Assignment
Copy all lines below exactly as written. Leave pictures out.

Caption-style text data
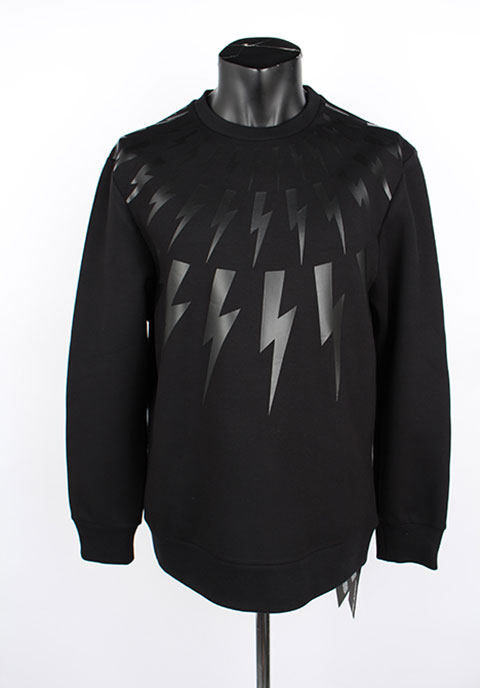 香港直邮neilbarrett闪电印花休闲夹克pbjs592s538p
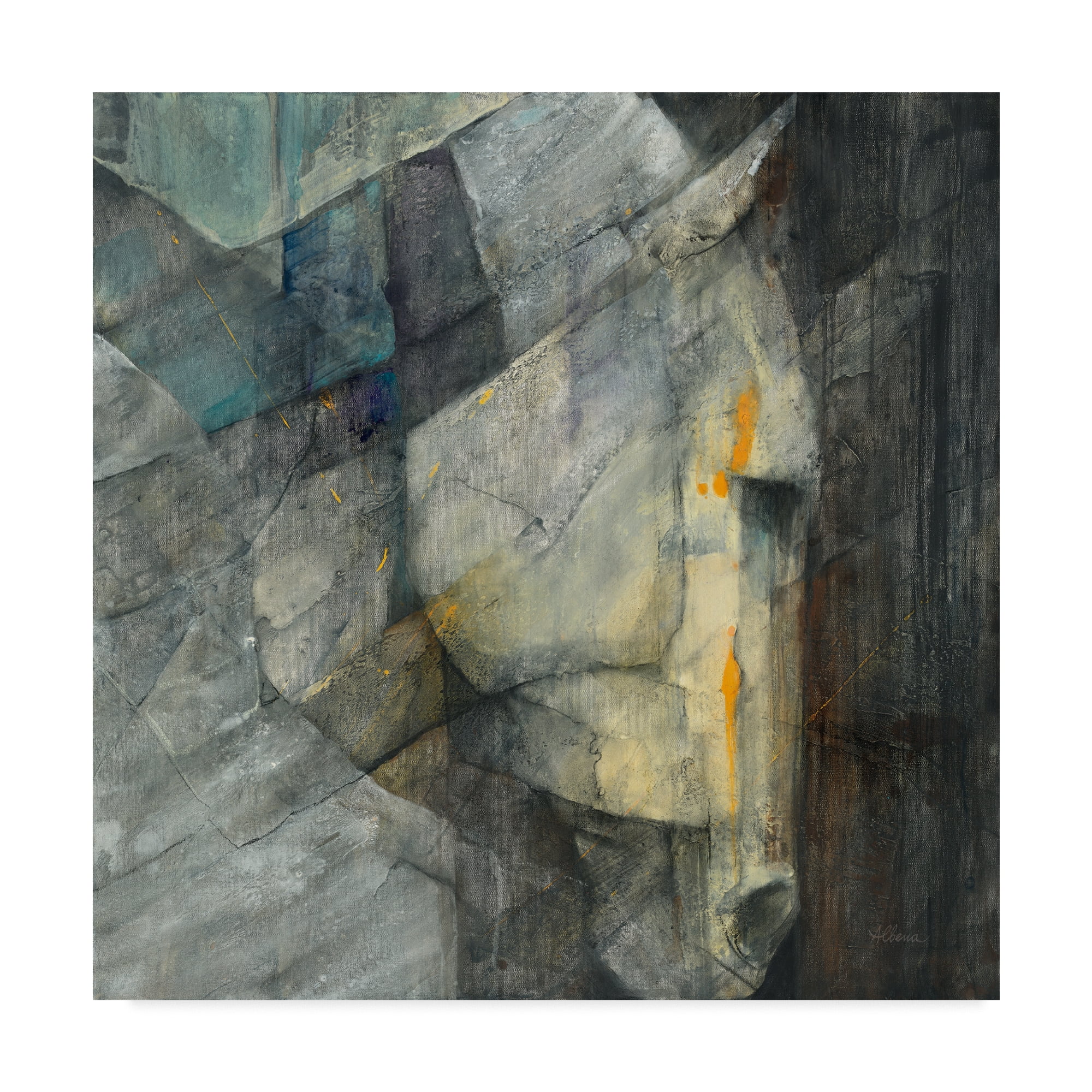 Trademark Fine Art 'Quiet Horse' Canvas Art by Albena Hristova
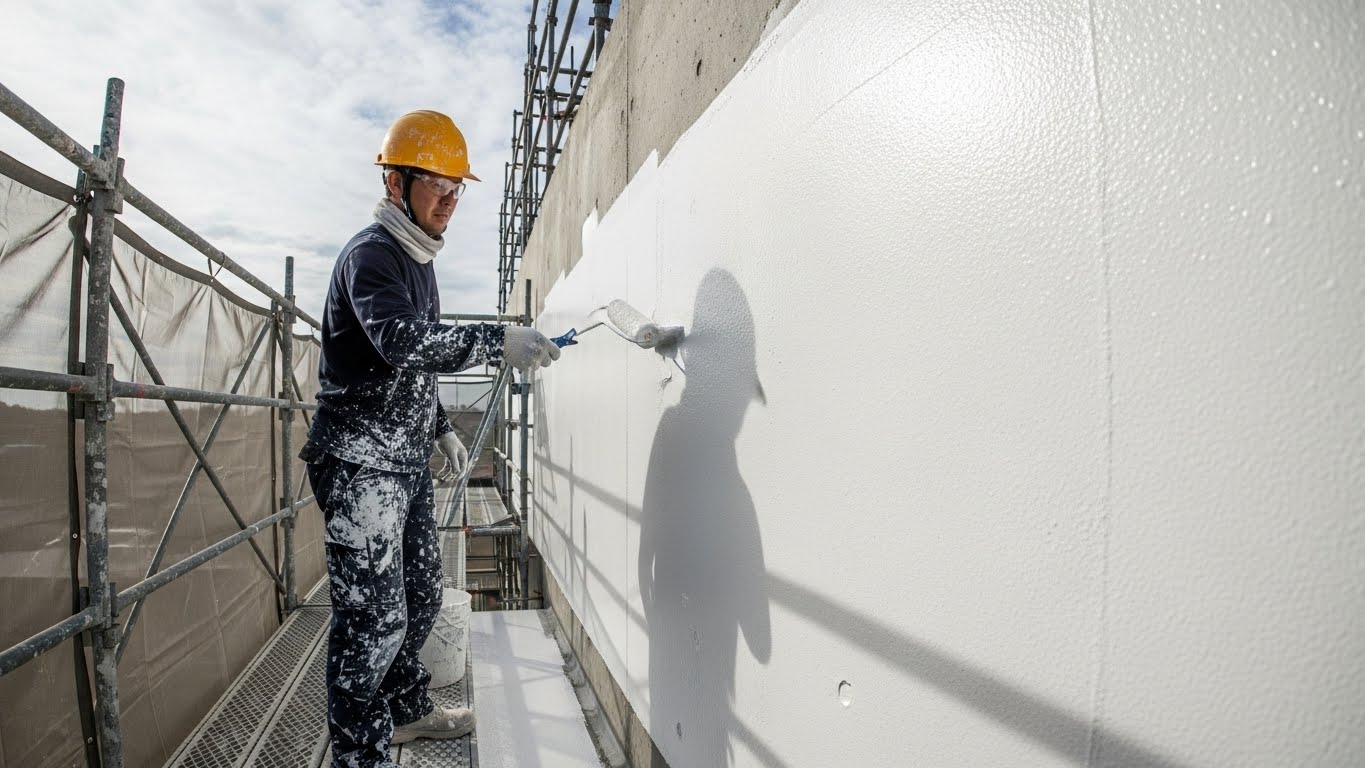 Top 4 loại sơn chống thấm ngoài trời tốt nhất 2025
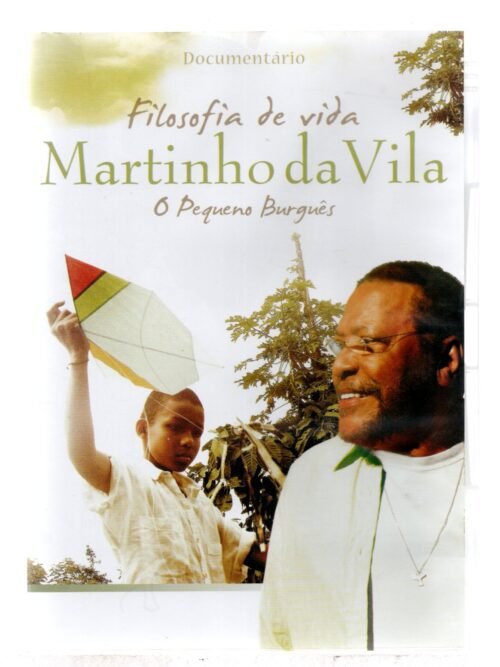 DVD Martinho da Vila Filosofia da vida O pequeno Burguês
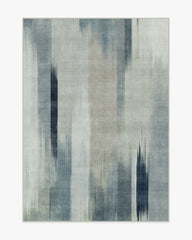 Ombré Mirage Grey Flatwoven Rug
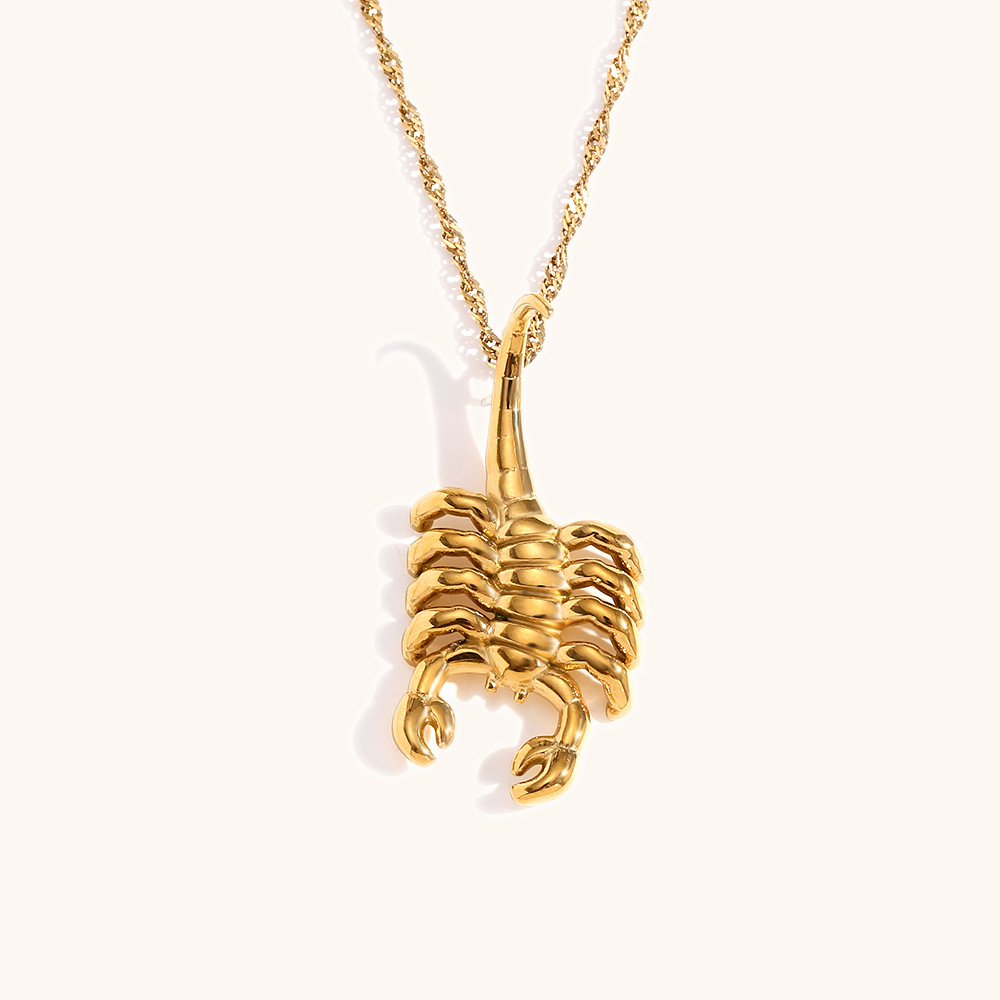 3:Necklace - Gold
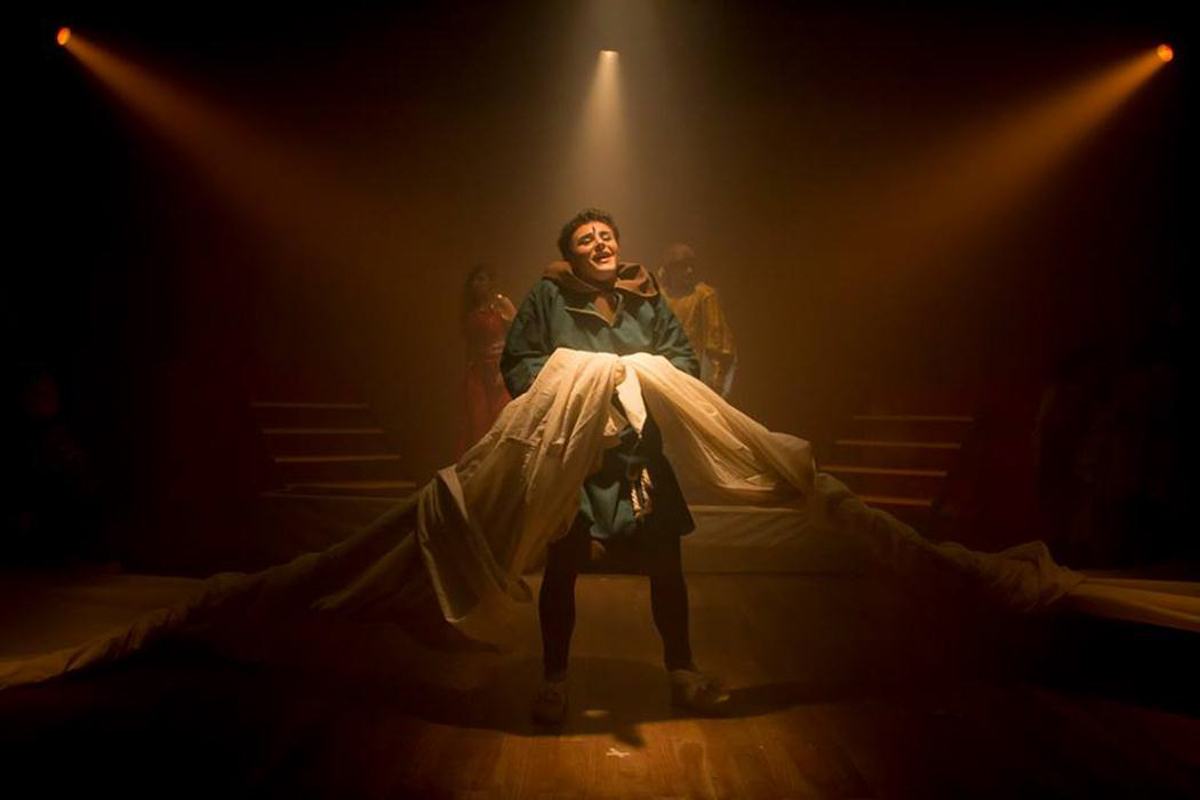 Teatro Municipal: danza, títeres y música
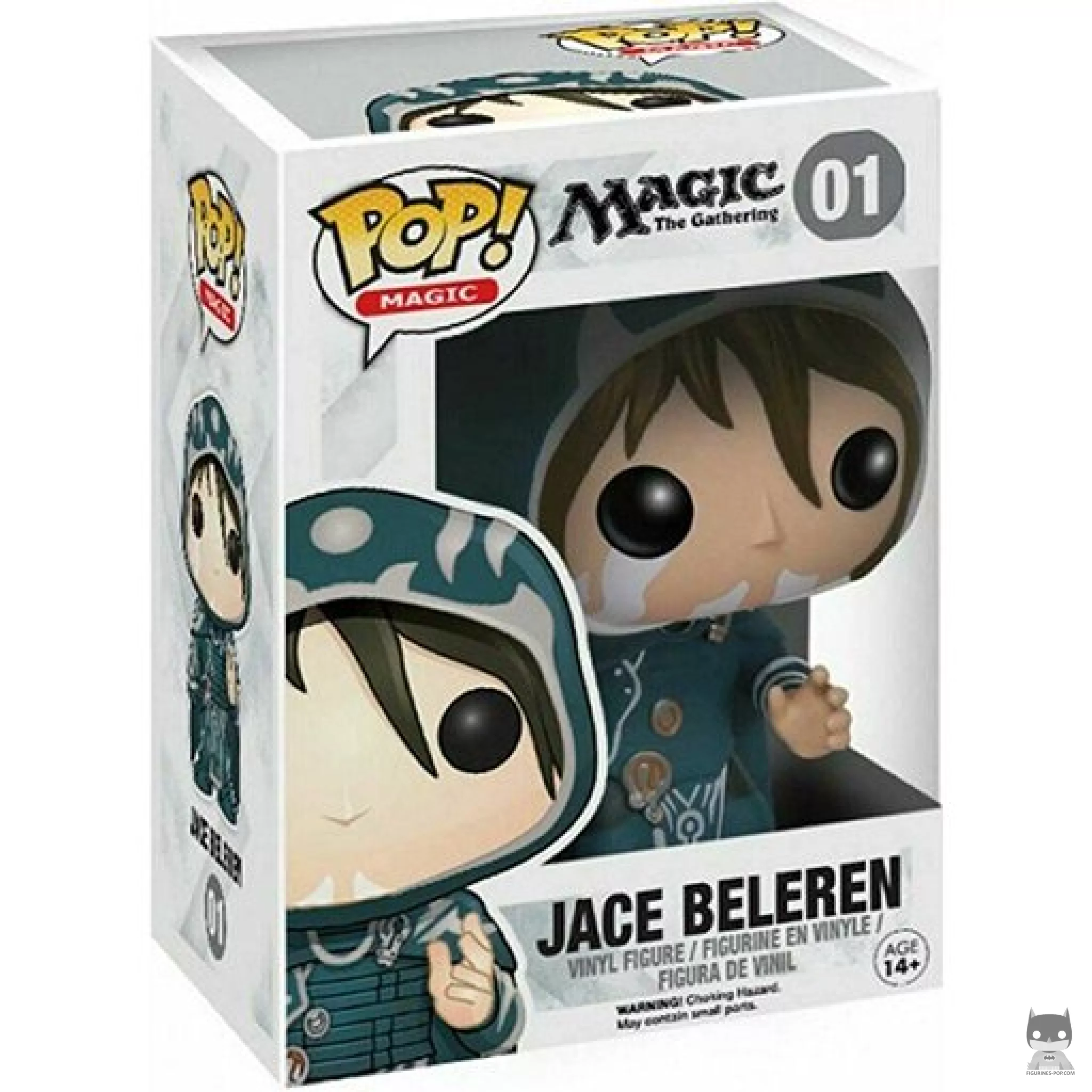 Figura Funko Pop! Jace Beleren en su caja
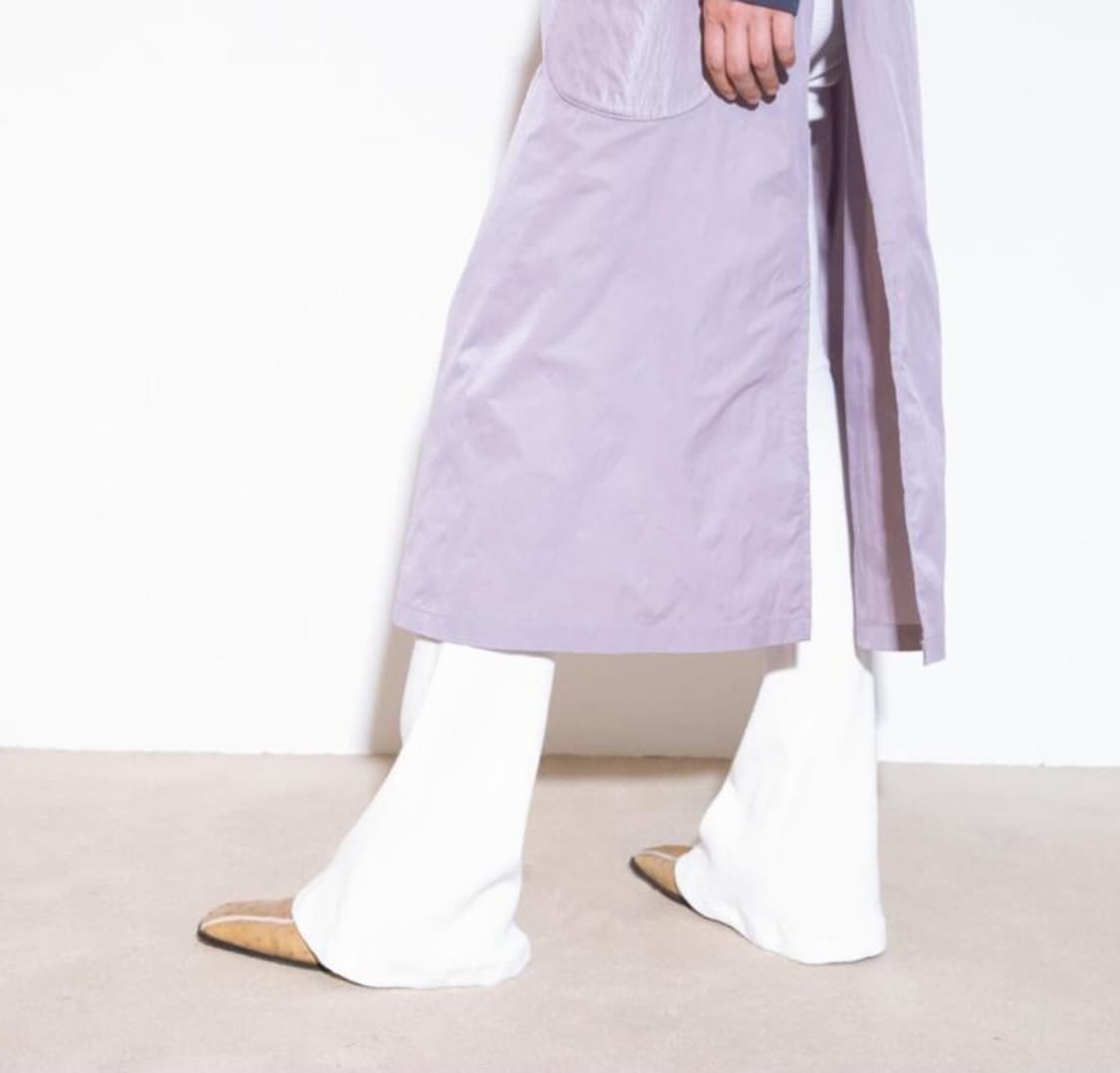 온스카 Star stud waffle leggings 아일릿 이로하 착용 상품이미지8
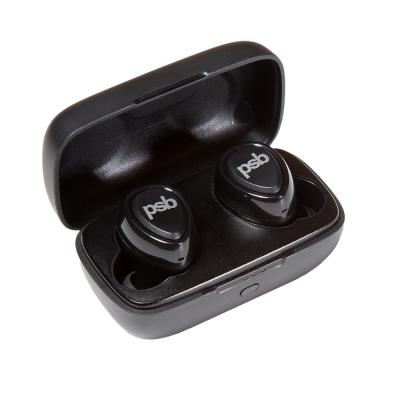 PSB Speakers True Wireless In-Ear Micro Planar Earphones in Black - M4U TWM BLK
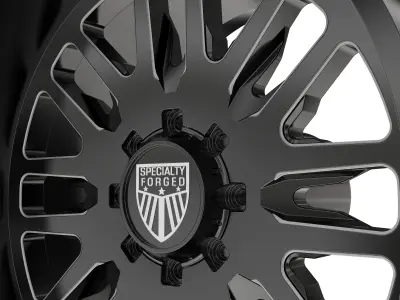 SPECIALITY FORGED C701 ELITE CONCAVE WHEEL 3D print model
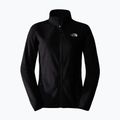 Damen Fleece-Sweatshirt The North Face 100 Glacier Fz schwarz 5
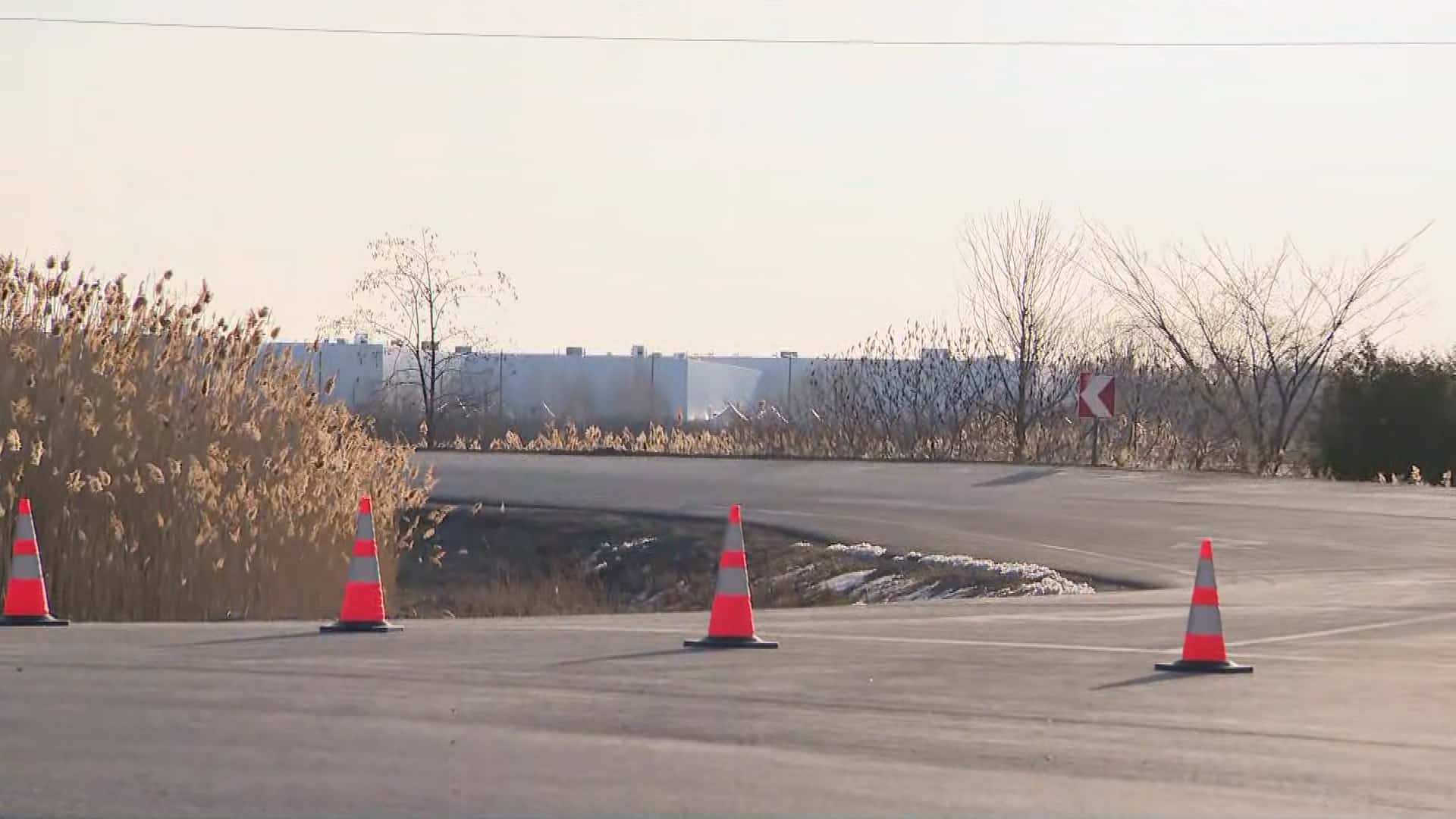 Une bretelle de l’A-30 fermée en raison d’un rassemblement privé pour la venue d’un chef spirituel dérange à Châteauguay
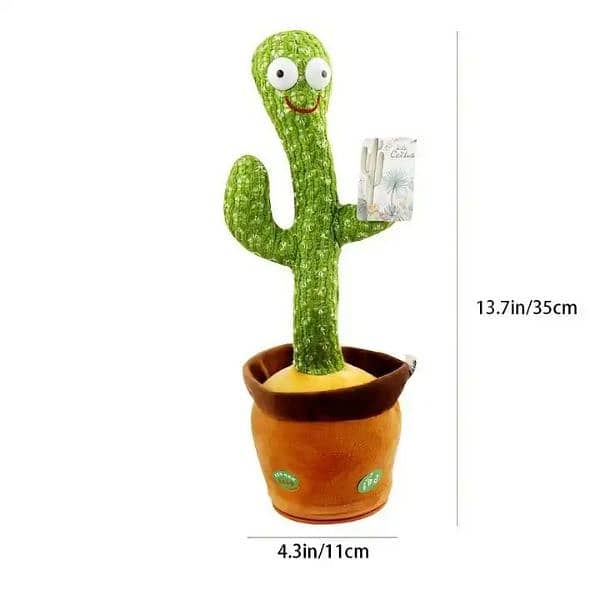 Dancing Cactus Toy high quality best price cash on Delivery 1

Response for this exercise
 香港直邮neilbarrett闪电印花休闲夹克pbjs592s538p
 Trademark Fine Art 'Quiet Horse' Canvas Art by Albena Hristova
 Top 4 loại sơn chống thấm ngoài trời tốt nhất 2025
 DVD Martinho da Vila Filosofia da vida O pequeno Burguês
 Ombré Mirage Grey Flatwoven Rug
 3:Necklace - Gold
 Teatro Municipal: danza, títeres y música
 Figura Funko Pop! Jace Beleren en su caja
 온스카 Star stud waffle leggings 아일릿 이로하 착용 상품이미지8
 PSB Speakers True Wireless In-Ear Micro Planar Earphones in Black - M4U TWM BLK
 SPECIALITY FORGED C701 ELITE CONCAVE WHEEL 3D print model
 Damen Fleece-Sweatshirt The North Face 100 Glacier Fz schwarz 5
 Une bretelle de l’A-30 fermée en raison d’un rassemblement privé pour la venue d’un chef spirituel dérange à Châteauguay
 Dancing Cactus Toy high quality best price cash on Delivery 1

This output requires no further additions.